:: Task directions ::
I'd like the entries that follow repeated exactly, with the pictures left out.

Captioned web image data:
========
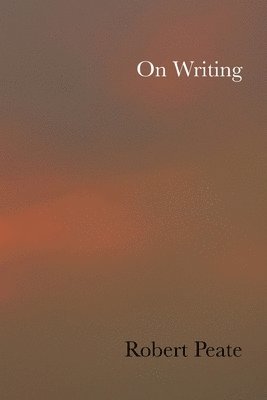 Robert Peate - On Writing, Häftad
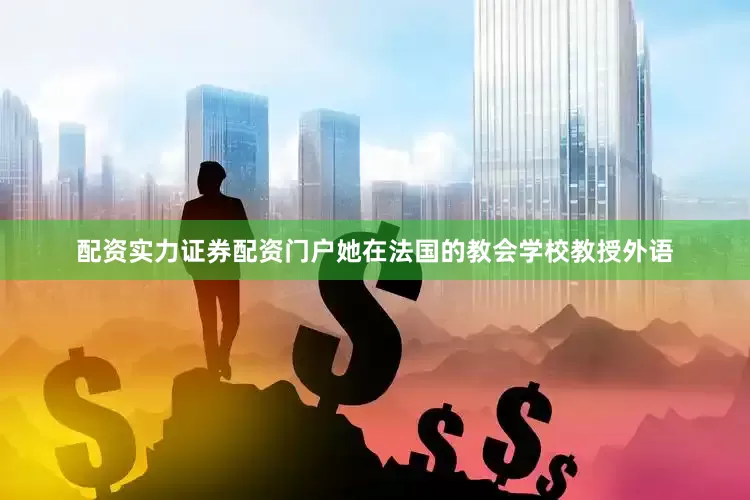 配资实力证券配资门户她在法国的教会学校教授外语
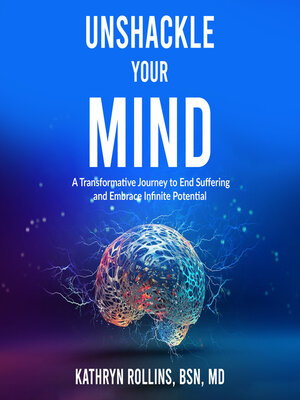 cover image of Unshackle Your Mind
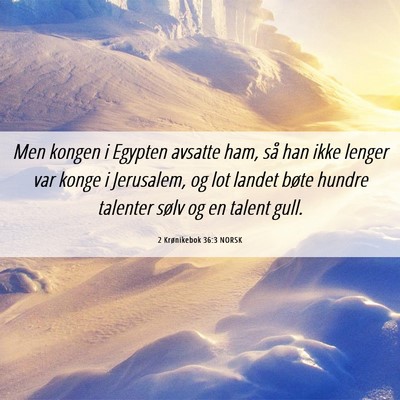Picture 06 - 2 Krønikebok 36:3 NORSK - Men kongen i Egypten avsatte ham, så han ikke - Bible Verse Picture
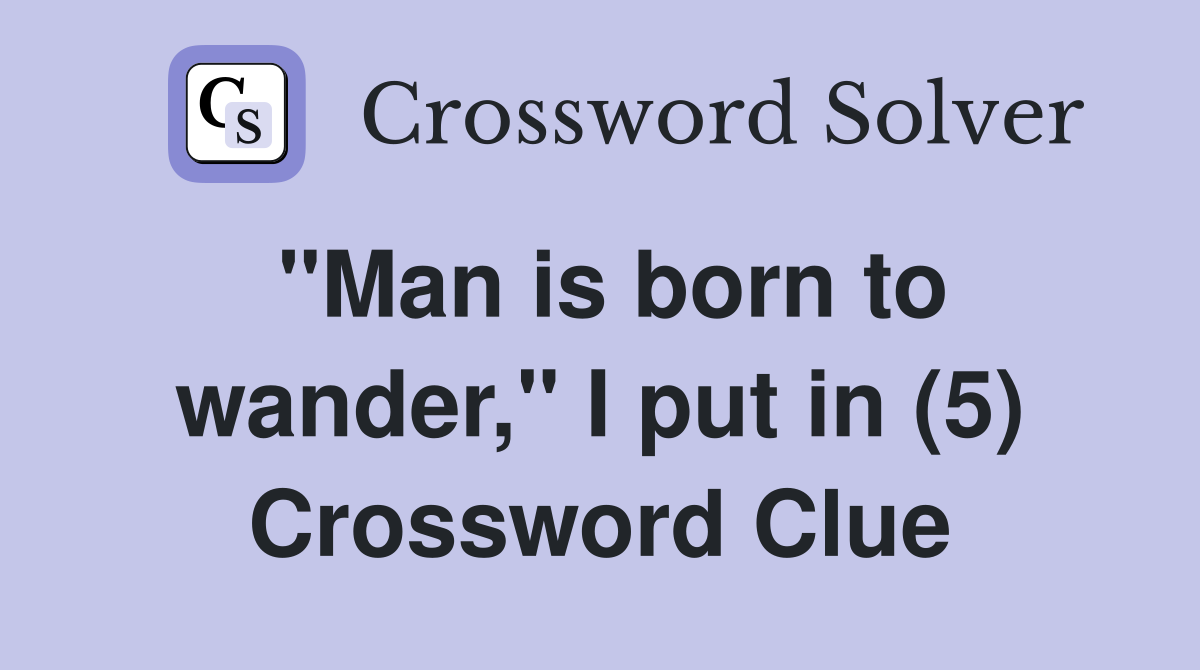 "Man is born to wander," I put in (5) Crossword Clue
========
:: Solution to this exercise ::
 Robert Peate - On Writing, Häftad
 配资实力证券配资门户她在法国的教会学校教授外语
 cover image of Unshackle Your Mind
Picture 06 - 2 Krønikebok 36:3 NORSK - Men kongen i Egypten avsatte ham, så han ikke - Bible Verse Picture
 "Man is born to wander," I put in (5) Crossword Clue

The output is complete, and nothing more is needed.